===== Given entries =====

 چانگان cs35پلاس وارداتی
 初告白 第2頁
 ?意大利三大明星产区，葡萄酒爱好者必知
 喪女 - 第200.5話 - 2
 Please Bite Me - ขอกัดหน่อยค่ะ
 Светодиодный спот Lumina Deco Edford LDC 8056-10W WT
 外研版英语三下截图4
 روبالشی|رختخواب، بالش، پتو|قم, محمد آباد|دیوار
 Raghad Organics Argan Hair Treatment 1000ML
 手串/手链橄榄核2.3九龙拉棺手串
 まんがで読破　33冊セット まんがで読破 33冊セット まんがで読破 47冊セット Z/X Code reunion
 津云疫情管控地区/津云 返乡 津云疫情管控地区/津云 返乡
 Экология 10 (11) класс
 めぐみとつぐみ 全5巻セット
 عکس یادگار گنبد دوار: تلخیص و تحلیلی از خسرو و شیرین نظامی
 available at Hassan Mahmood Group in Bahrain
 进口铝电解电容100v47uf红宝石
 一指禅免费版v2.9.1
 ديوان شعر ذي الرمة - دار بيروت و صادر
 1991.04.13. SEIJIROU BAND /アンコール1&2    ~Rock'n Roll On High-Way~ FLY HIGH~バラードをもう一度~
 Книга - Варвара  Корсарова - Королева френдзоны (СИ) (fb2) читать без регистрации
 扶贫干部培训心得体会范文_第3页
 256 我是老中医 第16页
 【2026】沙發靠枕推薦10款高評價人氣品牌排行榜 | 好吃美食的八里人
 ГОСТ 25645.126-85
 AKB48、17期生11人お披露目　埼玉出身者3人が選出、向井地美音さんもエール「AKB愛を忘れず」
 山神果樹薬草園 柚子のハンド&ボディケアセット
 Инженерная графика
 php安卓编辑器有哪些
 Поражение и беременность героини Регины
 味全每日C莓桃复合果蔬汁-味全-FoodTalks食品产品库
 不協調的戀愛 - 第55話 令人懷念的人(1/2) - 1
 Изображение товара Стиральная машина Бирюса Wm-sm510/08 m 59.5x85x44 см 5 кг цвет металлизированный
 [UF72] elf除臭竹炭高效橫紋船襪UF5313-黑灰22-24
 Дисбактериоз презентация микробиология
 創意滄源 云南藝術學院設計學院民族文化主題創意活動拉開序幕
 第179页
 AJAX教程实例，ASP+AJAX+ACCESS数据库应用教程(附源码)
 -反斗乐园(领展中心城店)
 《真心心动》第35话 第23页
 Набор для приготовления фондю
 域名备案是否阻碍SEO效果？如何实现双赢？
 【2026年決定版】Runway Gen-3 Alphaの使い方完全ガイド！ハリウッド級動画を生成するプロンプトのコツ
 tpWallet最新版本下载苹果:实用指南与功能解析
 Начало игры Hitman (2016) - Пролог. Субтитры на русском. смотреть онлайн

=====

Work required: All the data above must be copied again. Leave nothing out.

Response to this task:
 چانگان cs35پلاس وارداتی
 初告白 第2頁
 ?意大利三大明星产区，葡萄酒爱好者必知
 喪女 - 第200.5話 - 2
 Please Bite Me - ขอกัดหน่อยค่ะ
 Светодиодный спот Lumina Deco Edford LDC 8056-10W WT
 外研版英语三下截图4
 روبالشی|رختخواب، بالش، پتو|قم, محمد آباد|دیوار
 Raghad Organics Argan Hair Treatment 1000ML
 手串/手链橄榄核2.3九龙拉棺手串
 まんがで読破　33冊セット まんがで読破 33冊セット まんがで読破 47冊セット Z/X Code reunion
 津云疫情管控地区/津云 返乡 津云疫情管控地区/津云 返乡
 Экология 10 (11) класс
 めぐみとつぐみ 全5巻セット
 عکس یادگار گنبد دوار: تلخیص و تحلیلی از خسرو و شیرین نظامی
 available at Hassan Mahmood Group in Bahrain
 进口铝电解电容100v47uf红宝石
 一指禅免费版v2.9.1
 ديوان شعر ذي الرمة - دار بيروت و صادر
 1991.04.13. SEIJIROU BAND /アンコール1&2    ~Rock'n Roll On High-Way~ FLY HIGH~バラードをもう一度~
 Книга - Варвара  Корсарова - Королева френдзоны (СИ) (fb2) читать без регистрации
 扶贫干部培训心得体会范文_第3页
 256 我是老中医 第16页
 【2026】沙發靠枕推薦10款高評價人氣品牌排行榜 | 好吃美食的八里人
 ГОСТ 25645.126-85
 AKB48、17期生11人お披露目　埼玉出身者3人が選出、向井地美音さんもエール「AKB愛を忘れず」
 山神果樹薬草園 柚子のハンド&ボディケアセット
 Инженерная графика
 php安卓编辑器有哪些
 Поражение и беременность героини Регины
 味全每日C莓桃复合果蔬汁-味全-FoodTalks食品产品库
 不協調的戀愛 - 第55話 令人懷念的人(1/2) - 1
 Изображение товара Стиральная машина Бирюса Wm-sm510/08 m 59.5x85x44 см 5 кг цвет металлизированный
 [UF72] elf除臭竹炭高效橫紋船襪UF5313-黑灰22-24
 Дисбактериоз презентация микробиология
 創意滄源 云南藝術學院設計學院民族文化主題創意活動拉開序幕
 第179页
 AJAX教程实例，ASP+AJAX+ACCESS数据库应用教程(附源码)
 -反斗乐园(领展中心城店)
 《真心心动》第35话 第23页
 Набор для приготовления фондю
 域名备案是否阻碍SEO效果？如何实现双赢？
 【2026年決定版】Runway Gen-3 Alphaの使い方完全ガイド！ハリウッド級動画を生成するプロンプトのコツ
 tpWallet最新版本下载苹果:实用指南与功能解析
 Начало игры Hitman (2016) - Пролог. Субтитры на русском. смотреть онлайн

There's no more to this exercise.